Greece calls for EU to sanction Turkey if it doesn't retreat from gas exploration

Turkey issues advisory on seismic survey work between Cyprus and Crete

Greek Prime Minister Kyriakos Mitsotakis (L) speaks with German Foreign Minister Heiko Maas prior to their meeting in Athens on July 21, 2020, as part of Mr Maas' one-day visit to Greece. AFP 
Greek Prime Minister Kyriakos Mitsotakis (L) speaks with German Foreign Minister Heiko Maas prior to their meeting in Athens on July 21, 2020, as part of Mr Maas' one-day visit to Greece. AFP 

Greece said on Tuesday that the EU must impose sanctions against Turkey if it does not back down on exploration for natural resources in the Mediterranean.

Turkey and Greece are at odds over claims for resources, and EU member Cyprus is also exploring for natural gas in the Eastern Mediterranean amid strong objections from Ankara.

A navigational advisory was issued by Turkey’s navy on Tuesday for seismic survey work in an area south of Turkey’s Antalya, between Cyprus and Crete. The advisory is in effect until August 20.

“Turkey is unfortunately adding another link in hostile actions against Greece, against Cyprus and the EU as a whole,” Greek Prime Minister Kyriakos Mitsotakis told German Foreign Minister Heiko Maas, who was visiting Athens.

“Questioning the sovereign rights of Greece and Cyprus is, ultimately, questioning the rights of Europe.

"We anticipate the support of our allies. As long as Turkey continues to take this path, sanctions on Turkey will be a one-way street.”

Turkey says it is within its sovereign rights to explore for resources in areas it considers to be its its continental shelf, or within self-proclaimed maritime boundaries.
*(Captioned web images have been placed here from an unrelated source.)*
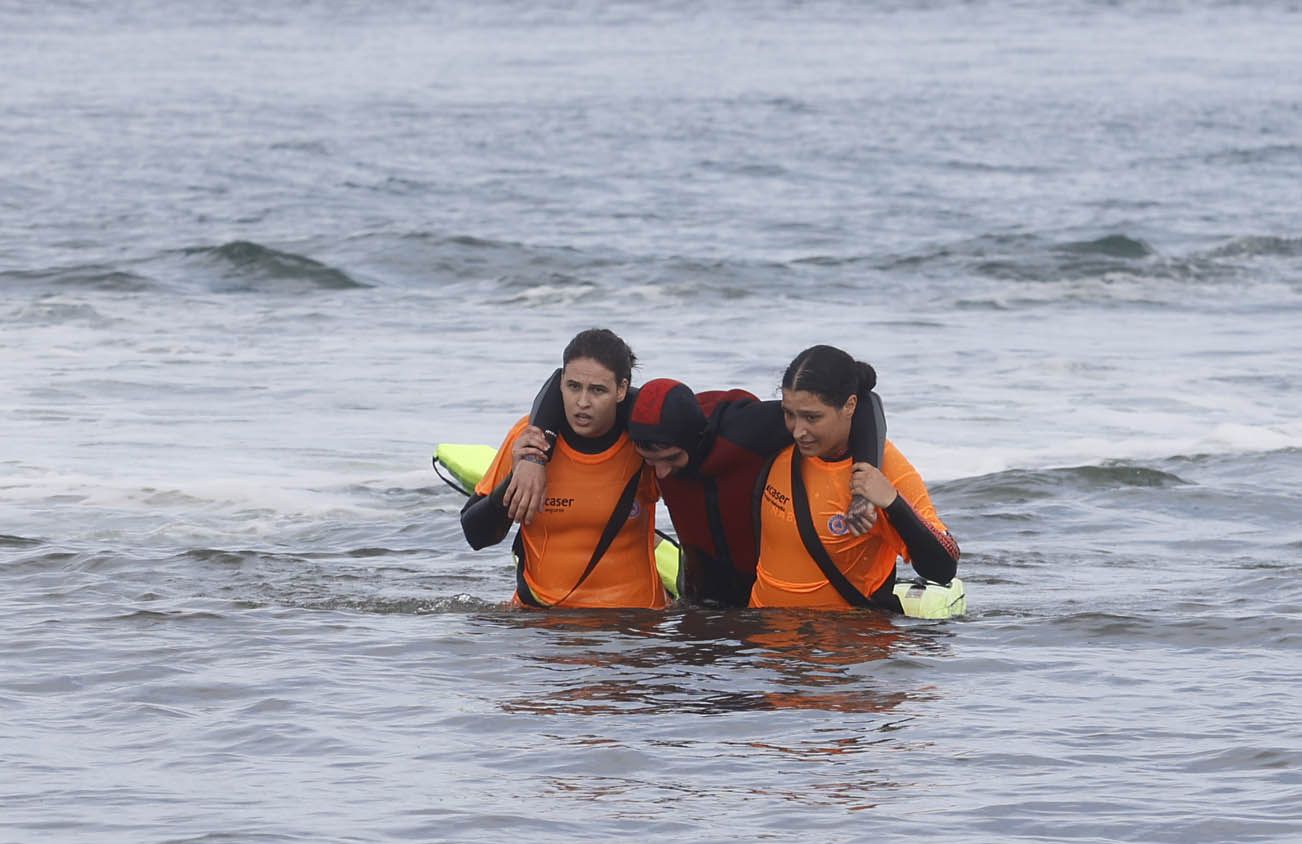 Así fue el rescate de película en Monteferro y Praia América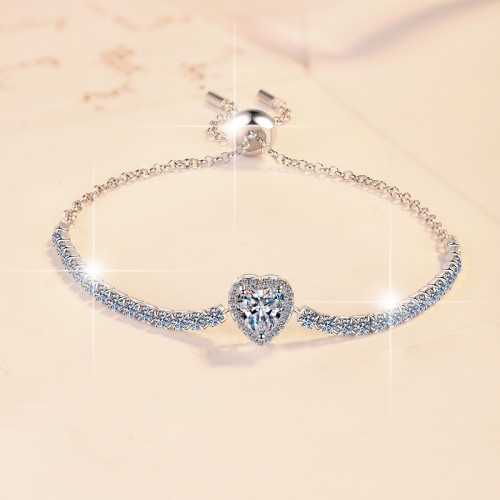 2.0 CT Moissanite Design Heart Cut Bracelet C2024070010 2.0 CT Moissanite Design Heart Cut Bracelet C2024070010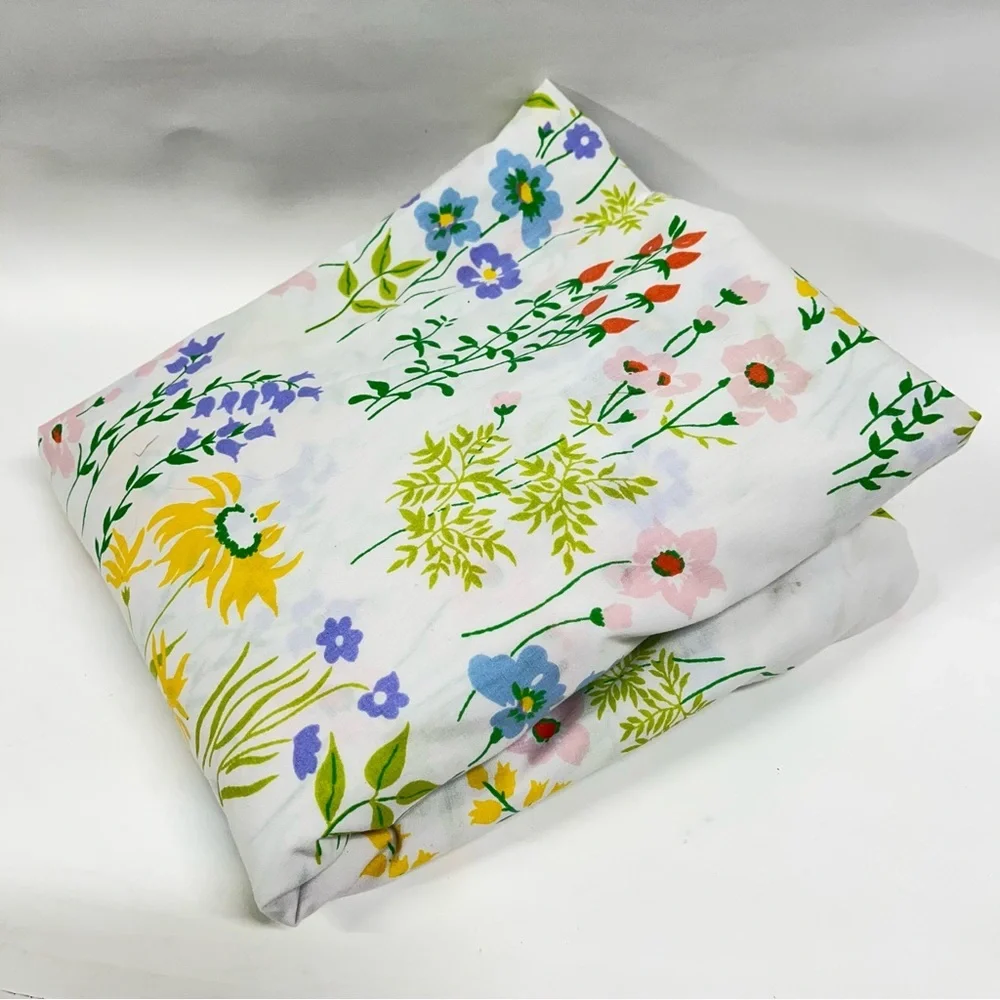 VintageFull Fitted Sheet Cotton Polyester white colorful rainbow EUC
Greece and Turkey have had testy relations for decades, with occasional flare-ups.

There was a sharp exchange of words this year when thousands of refugees and migrants hosted by Turkey tried to force their way though a land border with Greece that Ankara declared open.

They also disagree over ethnically partitioned Cyprus.

Greece has been angered at a deal between Libya and Turkey carving out maritime boundaries that skim its southern island of Crete, paving the way for potential resources exploration.